─── Provided data ───
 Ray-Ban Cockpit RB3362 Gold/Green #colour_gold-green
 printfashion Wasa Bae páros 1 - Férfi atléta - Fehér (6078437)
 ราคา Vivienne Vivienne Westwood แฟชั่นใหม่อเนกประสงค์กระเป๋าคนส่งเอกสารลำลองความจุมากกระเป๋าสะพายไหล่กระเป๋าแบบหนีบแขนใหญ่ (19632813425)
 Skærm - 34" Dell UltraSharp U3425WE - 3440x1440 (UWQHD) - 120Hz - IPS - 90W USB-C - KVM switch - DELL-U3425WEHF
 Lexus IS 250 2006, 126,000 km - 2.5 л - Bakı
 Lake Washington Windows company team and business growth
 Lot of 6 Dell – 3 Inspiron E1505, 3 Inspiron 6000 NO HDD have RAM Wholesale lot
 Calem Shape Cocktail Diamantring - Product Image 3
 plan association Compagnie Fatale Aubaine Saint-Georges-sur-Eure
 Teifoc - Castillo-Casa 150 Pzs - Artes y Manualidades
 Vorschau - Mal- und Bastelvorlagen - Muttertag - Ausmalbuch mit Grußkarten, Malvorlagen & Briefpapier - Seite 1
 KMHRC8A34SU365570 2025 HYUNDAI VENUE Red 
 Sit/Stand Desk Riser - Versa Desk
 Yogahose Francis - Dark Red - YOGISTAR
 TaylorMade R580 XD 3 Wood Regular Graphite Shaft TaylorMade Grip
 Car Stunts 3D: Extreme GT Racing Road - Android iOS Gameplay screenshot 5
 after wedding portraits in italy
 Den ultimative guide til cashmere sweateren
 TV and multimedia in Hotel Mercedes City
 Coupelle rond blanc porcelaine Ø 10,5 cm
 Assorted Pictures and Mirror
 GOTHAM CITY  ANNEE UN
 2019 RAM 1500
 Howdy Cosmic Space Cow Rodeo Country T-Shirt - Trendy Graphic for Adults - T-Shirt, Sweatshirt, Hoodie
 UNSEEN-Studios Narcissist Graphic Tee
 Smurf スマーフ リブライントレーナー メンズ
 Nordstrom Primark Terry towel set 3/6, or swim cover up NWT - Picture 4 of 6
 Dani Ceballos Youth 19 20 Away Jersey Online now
───
• [Task directions]
Your reply must repeat the records above exactly and in full.

• [Exercise result]
 Ray-Ban Cockpit RB3362 Gold/Green #colour_gold-green
 printfashion Wasa Bae páros 1 - Férfi atléta - Fehér (6078437)
 ราคา Vivienne Vivienne Westwood แฟชั่นใหม่อเนกประสงค์กระเป๋าคนส่งเอกสารลำลองความจุมากกระเป๋าสะพายไหล่กระเป๋าแบบหนีบแขนใหญ่ (19632813425)
 Skærm - 34" Dell UltraSharp U3425WE - 3440x1440 (UWQHD) - 120Hz - IPS - 90W USB-C - KVM switch - DELL-U3425WEHF
 Lexus IS 250 2006, 126,000 km - 2.5 л - Bakı
 Lake Washington Windows company team and business growth
 Lot of 6 Dell – 3 Inspiron E1505, 3 Inspiron 6000 NO HDD have RAM Wholesale lot
 Calem Shape Cocktail Diamantring - Product Image 3
 plan association Compagnie Fatale Aubaine Saint-Georges-sur-Eure
 Teifoc - Castillo-Casa 150 Pzs - Artes y Manualidades
 Vorschau - Mal- und Bastelvorlagen - Muttertag - Ausmalbuch mit Grußkarten, Malvorlagen & Briefpapier - Seite 1
 KMHRC8A34SU365570 2025 HYUNDAI VENUE Red 
 Sit/Stand Desk Riser - Versa Desk
 Yogahose Francis - Dark Red - YOGISTAR
 TaylorMade R580 XD 3 Wood Regular Graphite Shaft TaylorMade Grip
 Car Stunts 3D: Extreme GT Racing Road - Android iOS Gameplay screenshot 5
 after wedding portraits in italy
 Den ultimative guide til cashmere sweateren
 TV and multimedia in Hotel Mercedes City
 Coupelle rond blanc porcelaine Ø 10,5 cm
 Assorted Pictures and Mirror
 GOTHAM CITY  ANNEE UN
 2019 RAM 1500
 Howdy Cosmic Space Cow Rodeo Country T-Shirt - Trendy Graphic for Adults - T-Shirt, Sweatshirt, Hoodie
 UNSEEN-Studios Narcissist Graphic Tee
 Smurf スマーフ リブライントレーナー メンズ
 Nordstrom Primark Terry towel set 3/6, or swim cover up NWT - Picture 4 of 6
 Dani Ceballos Youth 19 20 Away Jersey Online now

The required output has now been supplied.